Chronic Obstructive Pulmonary Disease (COPD) is a preventable and treatable disease, with cigarette smoking being the major risk factor (1). It is a growing cause of morbidity and mortality worldwide, and will be the third leading cause of death by the year 2020. The burden of this disease is even greater if we consider the significant impact of COPD on cardiovascular morbidity and mortality. The pathophysiological mechanisms and clinical manifestations of COPD are not restricted only to pulmonary inflammation and airway remodeling (2). On the contrary, in the last decade COPD has been recognized as a systemic disease. Inflammatory mediators in the systemic circulation may contribute to skeletal muscle wasting and cachexia, and may initiate or worsen comorbidities such as ischemic heart disease, heart failure, diabetes mellitus (DM), metabolic syndrome, osteoporosis, anemia and depression (1).

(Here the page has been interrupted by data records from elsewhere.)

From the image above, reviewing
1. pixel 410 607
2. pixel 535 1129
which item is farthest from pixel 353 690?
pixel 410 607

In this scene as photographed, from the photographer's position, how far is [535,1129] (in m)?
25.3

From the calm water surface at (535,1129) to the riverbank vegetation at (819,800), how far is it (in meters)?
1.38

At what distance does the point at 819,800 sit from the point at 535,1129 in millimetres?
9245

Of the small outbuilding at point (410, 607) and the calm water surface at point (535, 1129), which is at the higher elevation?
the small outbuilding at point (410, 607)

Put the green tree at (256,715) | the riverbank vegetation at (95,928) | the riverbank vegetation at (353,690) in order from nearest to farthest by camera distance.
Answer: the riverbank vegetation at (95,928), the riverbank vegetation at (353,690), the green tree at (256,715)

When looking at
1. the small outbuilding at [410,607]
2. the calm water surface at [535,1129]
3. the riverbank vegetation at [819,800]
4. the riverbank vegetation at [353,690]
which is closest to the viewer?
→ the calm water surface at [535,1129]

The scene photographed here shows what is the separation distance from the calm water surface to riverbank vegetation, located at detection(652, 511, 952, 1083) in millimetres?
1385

As in many other medical conditions, COPD is associated with low grade systemic inflammation that has been associated with insulin resistance (IR). Various factors can contribute to this finding such as the spill of inflammatory mediators from the pulmonary system into the circulation, hypoxia, effects of obesity and hormonal disturbances (2). Insulin resistance has been implicated in the pathogenesis of the metabolic syndrome (3). Furthermore, there is evidence that insulin resistance predisposes to cardiovascular risk (4), whereas, it is well known that insulin resistance is associated with low serum adiponectin levels (5).

Non-invasive mechanical ventilation (NIV) has been shown to have a positive impact on the metabolic profile of patients with Obstructive Sleep Apnea (OSA) and Obesity Hypoventilation Syndrome (OHS) (6,7). In addition, NIV has been shown to improve blood gases and quality of life in COPD patients with Hypercapnic Respiratory Failure (8,9). Yet, the effects of NIV on insulin resistance of stable COPD patients with Chronic Hypercapnic Respiratory Failure have not been explored. The aim of the present study was to assess the effects of NIV on insulin resistance and adiponectin levels during one year application of NIV in this specific group of patients.

Methods

Patients

Twenty-five (25) COPD patients with Chronic Hypercapnic Respiratory Failure who were on stable condition and had stopped smoking for at least two years, were recruited from the outpatient clinic of a tertiary University Hospital. COPD was diagnosed according to the ATS/ERS guidelines (10). Patients’ entry criteria to qualify as suffering from Hypercapnic Respiratory Failure were p_aO₂ < 60 mmHg and a p_aCO₂ > 50 mmHg, while breathing room air. These arterial blood gas values were constant for at least two months for all the patients included in the study, while receiving optimal bronchodilation therapy.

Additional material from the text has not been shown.